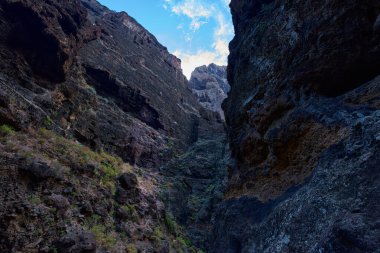 Derin Masca vadisi kanyonundaki mağaraları ve bitkileri olan yüksek volkanik uçurum duvarları boyunca yürüyüş yollarını daraltıyor.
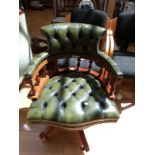 A button back green leather captain's chair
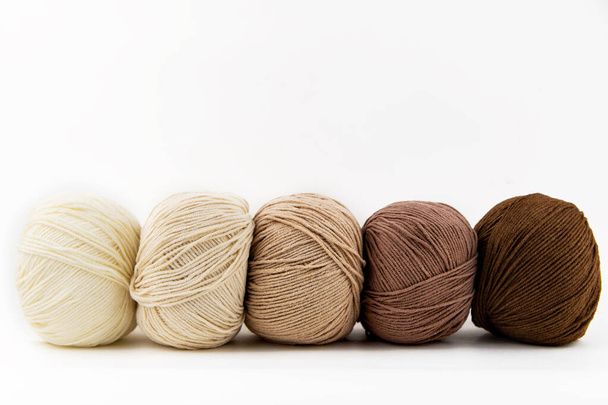 Balls of yarn for knitting brown flowers on a white background. - Foto, Bild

» **Work to complete**
Each line of the data above needs to be retyped as it is, without any picture.

» **Answer section**
 Derin Masca vadisi kanyonundaki mağaraları ve bitkileri olan yüksek volkanik uçurum duvarları boyunca yürüyüş yollarını daraltıyor.
 A button back green leather captain's chair
 Balls of yarn for knitting brown flowers on a white background. - Foto, Bild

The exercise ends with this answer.